Concerning the gene sets adopted in our study, we have shown that using core sets, composed of different signatures of the same gene or pathways thought to be correlated in the data set, makes the analysis less sensitive to the noise embedded in the data. The reason for considering core sets is that gene sets are constructed under a variety of contexts and conditions and looking at a group of sets helps average out this variation. This aspect is evident in P53 and hypoxia data sets.

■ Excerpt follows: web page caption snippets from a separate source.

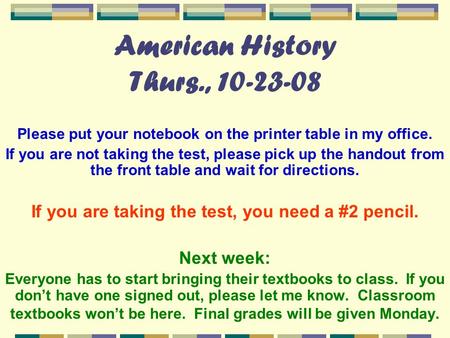 American History Thurs., 10-23-08 Please put your notebook on the printer table in my office. If you are not taking the test, please pick up the handout.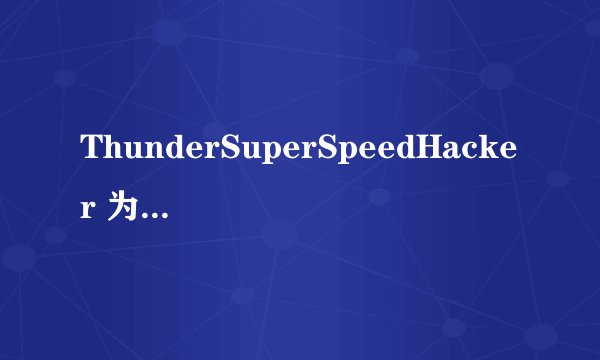 ThunderSuperSpeedHacker 为什么总是初始化失败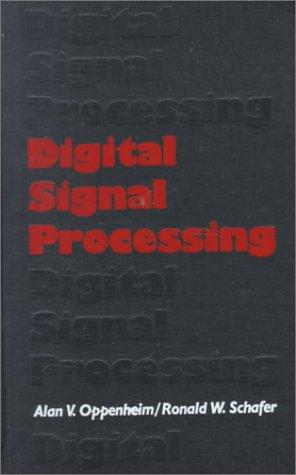 Digital signal processing by Alan V. Oppenheim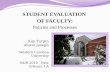 STUDENT EVALUATION  OF FACULTY: Policies and Processes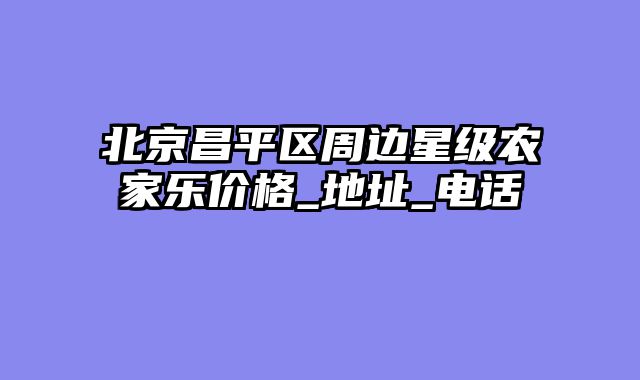 北京昌平区周边星级农家乐价格_地址_电话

The purpose of our comparative study was to provide suggestions for users of gene set methods regarding which method to use under which condition. The results do not allow to determine univocally the most suitable method as one method does not always outperform the others. However, we can make some general recommendations. In terms of significance and the type of statistic used, GSEA and RS are more similar and provide comparable information. In this context if there are no computational constraints we suggest the use of GSEA especially if one suspects that the data consists of many deregulated pathways as was the case in oncogenic perturbation example. We recommend running both GSEA and GLAPA or RS and GLAPA in tandem as they provide complementary information. In the case of developing drug targets or when it is important to have a measure of the predictive accuracy on individuals rather than global differences in distributions between the two phenotypes GLAPA is well suited. Also of fundamental importance in all these methods is which gene sets one is using and also the consideration of splitting gene sets into up and down regulated subsets. This was seen in the P53 example and also is the case in the oncogenic perturbation example. We also suggest that users of these methods look carefully at the outcomes of these enrichment studies and realize that variation in significance across methods often is reflective of biological variation in that there may be many underlying pathways or sets of genes that are differentially expressed in the data set.

Conflict of interests

The authors declare that they have no competing interests.